Set down the final stretch of the data, from the line that holds "Funny, F-U-N-N-Y spells" through the last line, both included, with pictures left out.

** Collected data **
........

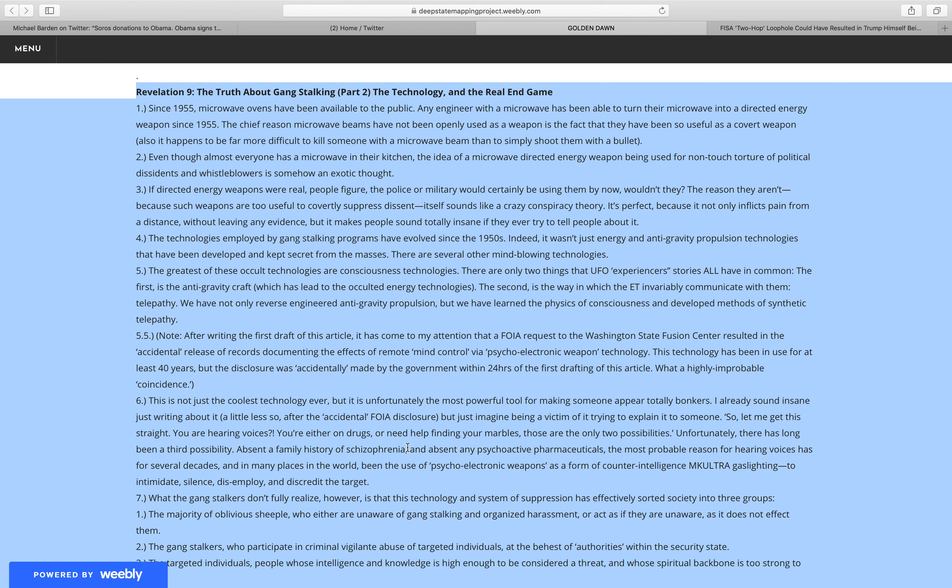We have not only reverse-engineered anti-gravity propulsion, but we have learned the physics of consciousness and developed methods of synthetic telepathy.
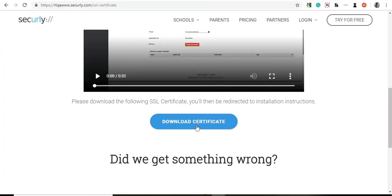To begin, download the Securely SSL certificate on your Windows workstation.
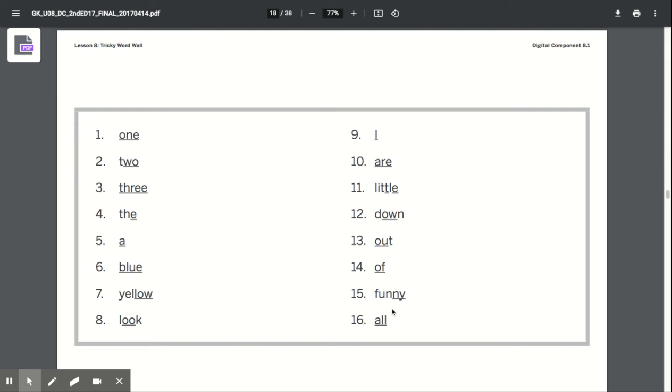Funny, F-U-N-N-Y spells funny. All, A-L-L spells all. If you would like extra practice reading and writing our tricky words, pause the video or replay the video.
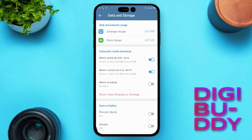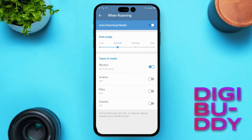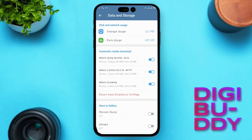Keep those settings on high alert. Why, you ask? Because this ensures you can always safeguard your chat history by downloading those precious files. That's the secret sauce to backing up your Telegram chats.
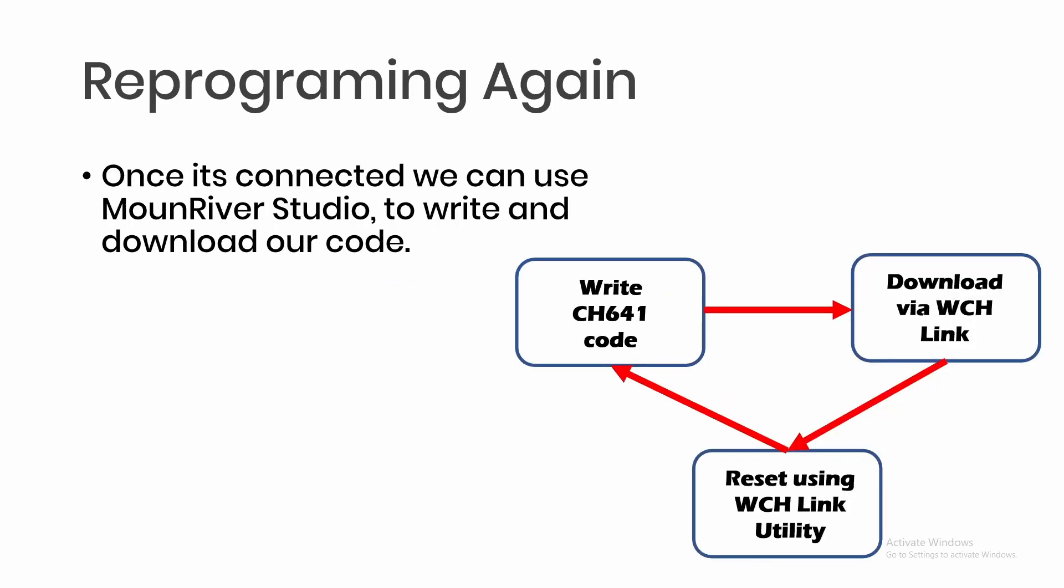Once it's flashed, we can now re-download another program or a similar program. The basic production cycle is shown below: we write our code for the CH641, we download via the WCH Link connected to a Type-C interface adapter, and then we reset using the WCH Link utility.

........

** OUTPUT OF THE EXERCISE **
Funny, F-U-N-N-Y spells funny. All, A-L-L spells all. If you would like extra practice reading and writing our tricky words, pause the video or replay the video.
Keep those settings on high alert. Why, you ask? Because this ensures you can always safeguard your chat history by downloading those precious files. That's the secret sauce to backing up your Telegram chats.
Once it's flashed, we can now re-download another program or a similar program. The basic production cycle is shown below: we write our code for the CH641, we download via the WCH Link connected to a Type-C interface adapter, and then we reset using the WCH Link utility.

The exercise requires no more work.